### TASK DESCRIPTION
Please write out the whole listing that follows exactly; the pictures stay out.
(Beginning of EXCERPTED DATA)
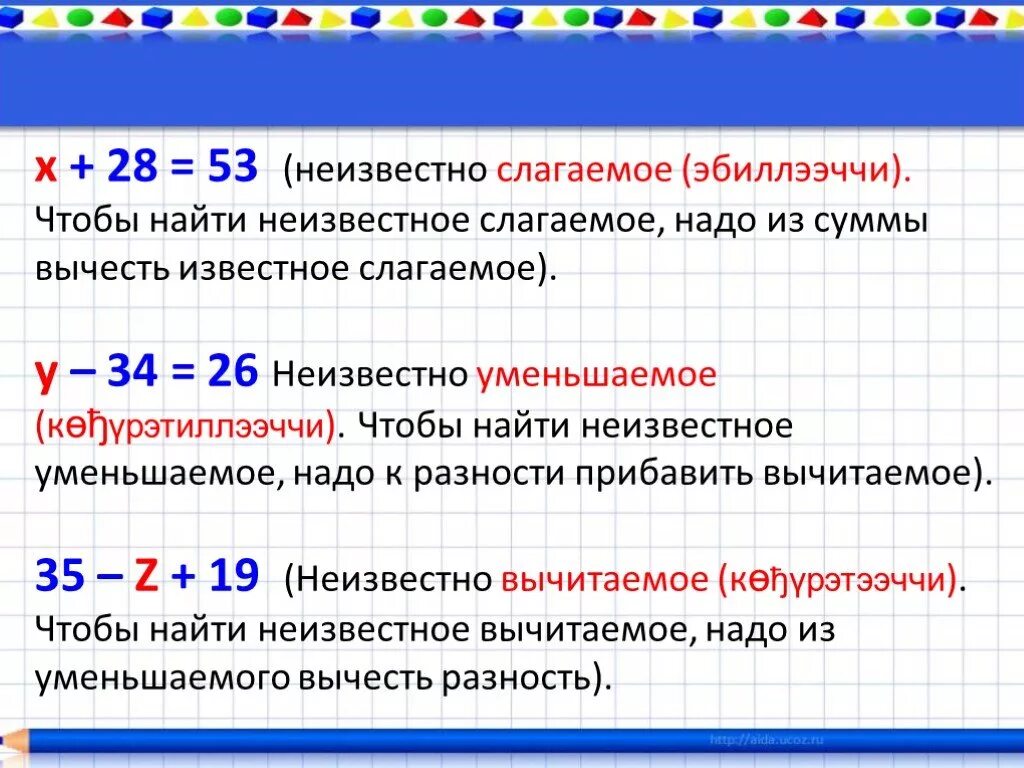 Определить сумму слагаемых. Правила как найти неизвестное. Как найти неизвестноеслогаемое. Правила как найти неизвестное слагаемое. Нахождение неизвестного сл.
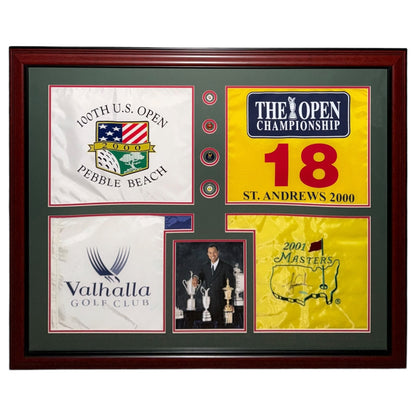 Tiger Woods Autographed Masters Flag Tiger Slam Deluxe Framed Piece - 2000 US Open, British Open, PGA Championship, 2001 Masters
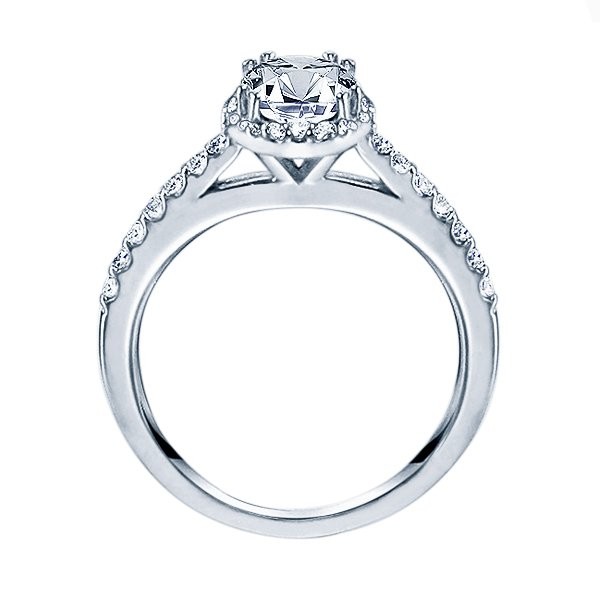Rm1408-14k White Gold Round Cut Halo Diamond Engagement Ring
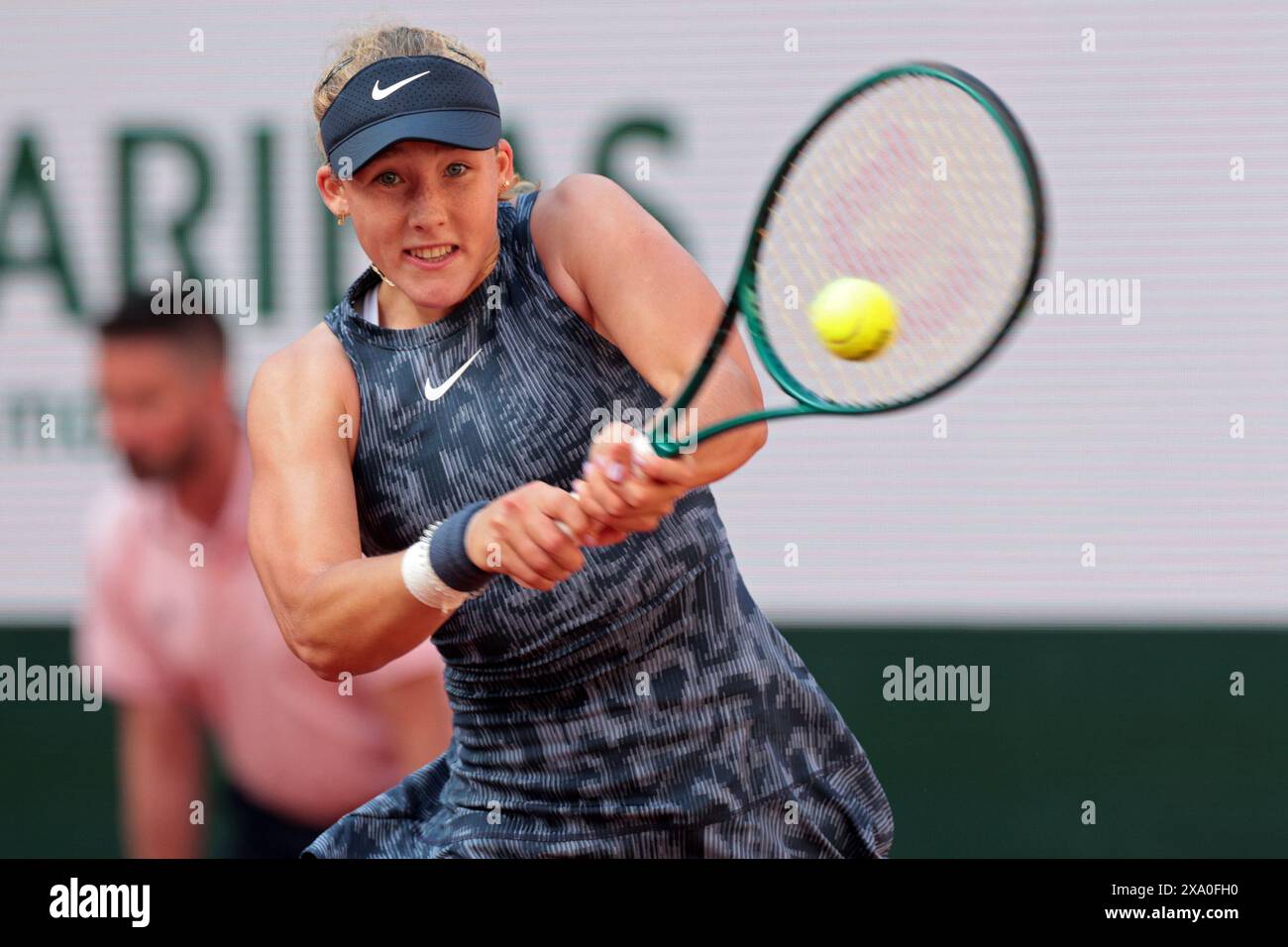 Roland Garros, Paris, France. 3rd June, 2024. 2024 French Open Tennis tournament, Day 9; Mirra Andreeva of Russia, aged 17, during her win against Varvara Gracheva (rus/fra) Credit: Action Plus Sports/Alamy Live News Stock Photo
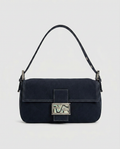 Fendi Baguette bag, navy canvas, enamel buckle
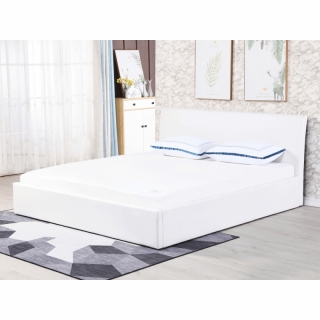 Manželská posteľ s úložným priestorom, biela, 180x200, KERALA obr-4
(End of EXCERPTED DATA)
### SOLUTION TO THIS TASK
 Определить сумму слагаемых. Правила как найти неизвестное. Как найти неизвестноеслогаемое. Правила как найти неизвестное слагаемое. Нахождение неизвестного сл.
 Tiger Woods Autographed Masters Flag Tiger Slam Deluxe Framed Piece - 2000 US Open, British Open, PGA Championship, 2001 Masters
Rm1408-14k White Gold Round Cut Halo Diamond Engagement Ring
 Roland Garros, Paris, France. 3rd June, 2024. 2024 French Open Tennis tournament, Day 9; Mirra Andreeva of Russia, aged 17, during her win against Varvara Gracheva (rus/fra) Credit: Action Plus Sports/Alamy Live News Stock Photo
 Fendi Baguette bag, navy canvas, enamel buckle
 Manželská posteľ s úložným priestorom, biela, 180x200, KERALA obr-4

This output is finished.